As flores das quaresmeiras são o oposto da morte, negação do desespero e do abandono (longo abandono de séculos). 
 
(a delicadeza dos ramos, pétalas e cores remete a um mundo outro)
 
Um tempo de recolhimento e silenciosas caminhadas por estradas interiores nos habita na quaresma.

Olhar atento ao solitário vôo do pássaro sobre os fios de luz, tecendo destino e distância com a nossa esperança (por um fio).
 
Tempo de resistência

(como sempre)

de atravessar a ponte
 
(sobre o rio das mortes)
 
e chegar vivo do outro lado. 


photo: j.finatto, 15.3.2014
 

sábado, 17 de março de 2012

Primeiro informe do outono

Jorge Adelar Finatto


photo: j.finatto


Uma certa luz

Este é o último sábado de verão. O próximo será outono. Chega ao fim o longo e suado estio. Os primeiros ocres e amarelos surgem nas folhas. É tempo de passagem para uma nova luz. Quaresma. O tempo das quaresmeiras em flor.


Um certo artista

Deus é um artista caprichoso e incomparável. Só ele tem paciência e tempo (a eternidade, no caso) para pintar folha por folha, ramo por ramo, galho por galho com tamanho engenho e arte. E sua caixa de lápis de cor não tem igual no universo.

O que é o fotógrafo da natureza, senão um mero copiador da obra Dele, sem nada pagar de direito autoral?


photo: j.finatto

Que a nova estação nos traga boas notícias nas cartas do vento.


Cavalo-Marinho

Uma das coisas mais bonitas que ouvi ultimamente é a música Cavalo-Marinho, de Cacaso e Nando Carneiro, na linda voz de Rosa Emília. Está no youtube, onde alguém colocou a canção com imagens do nascimento de um cavalo-marinho.

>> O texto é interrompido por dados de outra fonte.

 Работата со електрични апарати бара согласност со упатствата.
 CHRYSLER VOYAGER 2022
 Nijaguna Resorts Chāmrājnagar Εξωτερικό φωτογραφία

Algo raro, emocionante:

 http://www.youtube.com/watch?v=h-jI0bObvVI

O poema de Cacaso é de uma simplicidade tocante:

                            Galopa cavalo marinho
                                    me ensina o caminho
                                    que devo tomar
                                    Solta as crinas no vento
                                    galopa no vento
                                    cavalo do mar

Está no livro Mar de Mineiro (poemas e canções), de 1982.


Balaio de uva na beira da estrada

Nessa época, quem anda pelas estradas da serra costuma encontrar tendas onde se vendem uvas em balaios de vime. Também oferecem queijos, frutas, verduras, embutidos, vinhos, chás, produtos coloniais e artesanais, chapéus de palha, além de boa conversa. As tendas estão à sombra de frondosos plátanos, cujas folhas começam a dourar. Sentir o cheiro e a frescura desses lugares é voltar um pouco na infância. Às vezes, lá longe, uma cascata branca escorre numa escarpa de antiquíssimo basalto.


photo: j.finatto


Milagres

Não acredito muito em milagres, mas que existem, existem. Tanto é que estou/estamos por aqui, em mais um outono de nossas vidas. Considerando as duras vicissitudes e os entrementes, isto não é pouca coisa.